- **Task**:
Pictures excluded, copy word for word the lines from the one holding "Birdham Large Blanket" through the last line below.

- **Stored data**:
--- START ---
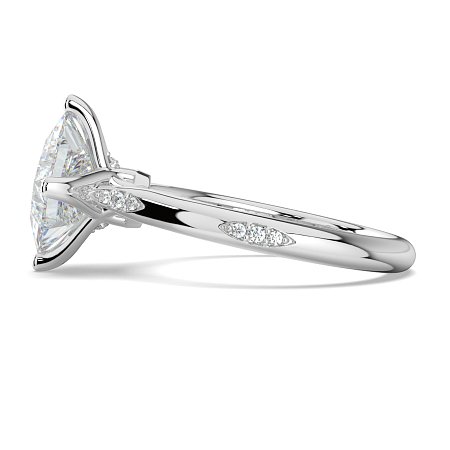 Tulip with Leaf- shaped Beads Side Stones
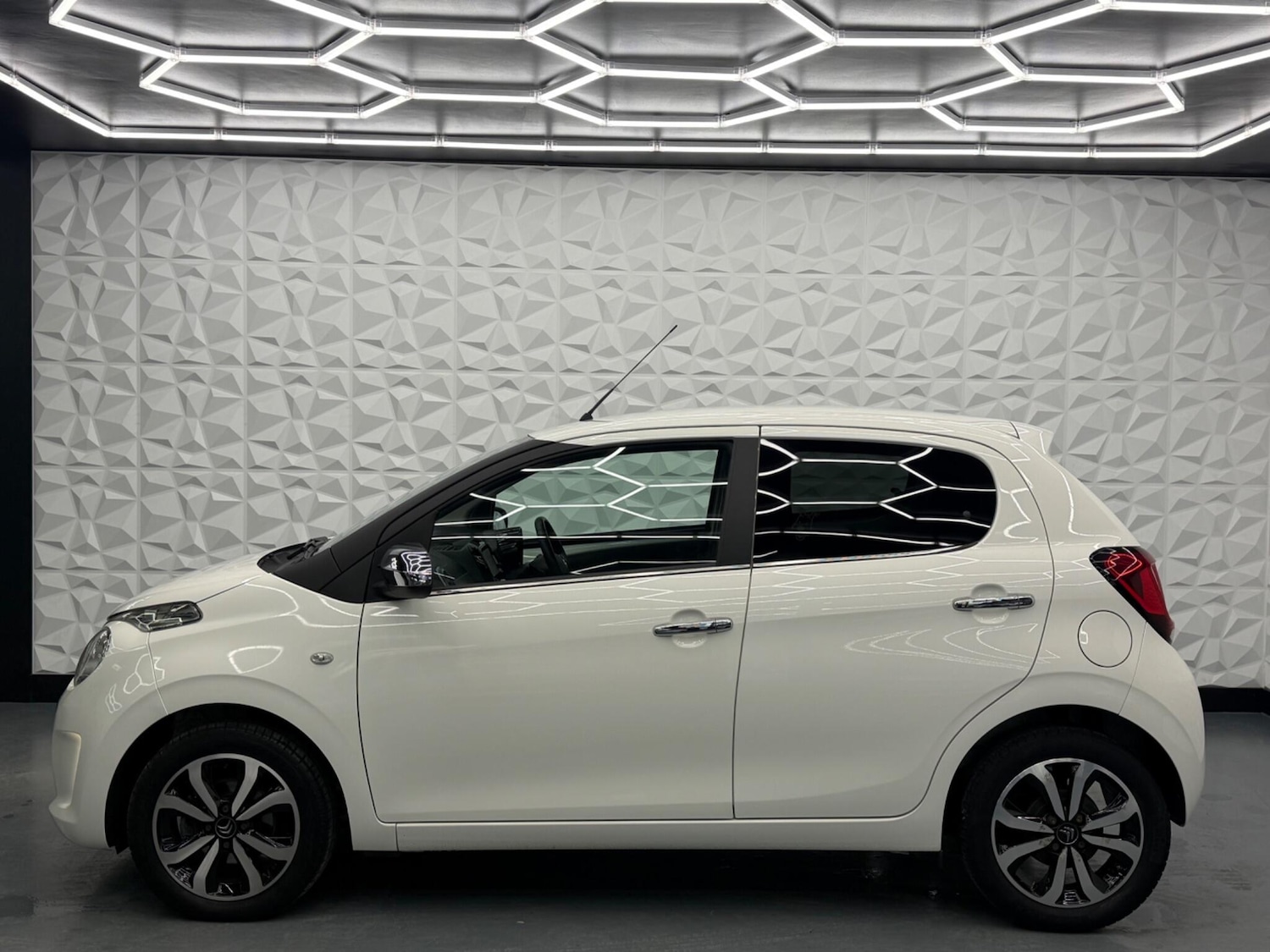 Used Citroen C1 2016 for sale - 77613816: Photo 7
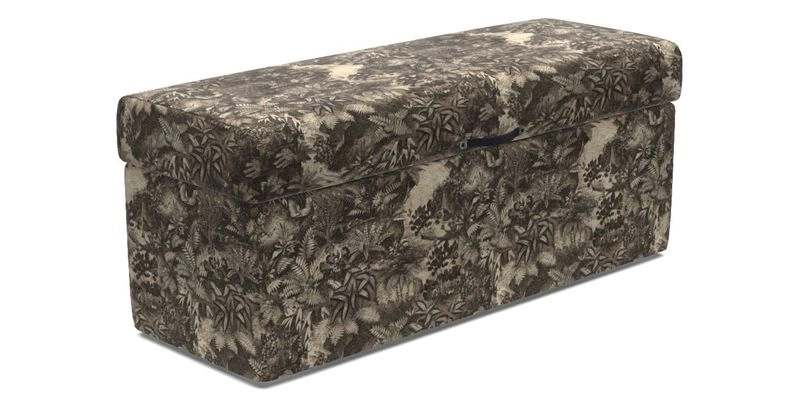 Birdham Large Blanket Box in V&A Threads of India on Linen Regal Poppy Buttermilk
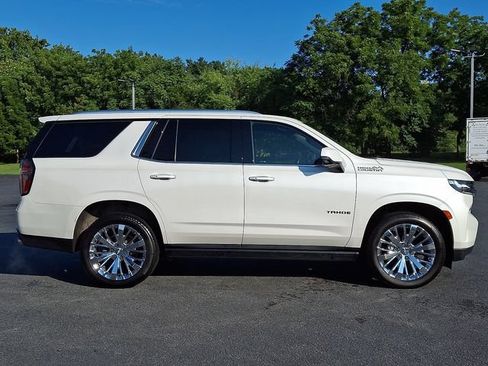 Used 2021 Chevrolet Tahoe High Country w/ Premium Package AWD/4WD image 10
--- END ---
- **Answer to the problem**:
 Birdham Large Blanket Box in V&A Threads of India on Linen Regal Poppy Buttermilk
 Used 2021 Chevrolet Tahoe High Country w/ Premium Package AWD/4WD image 10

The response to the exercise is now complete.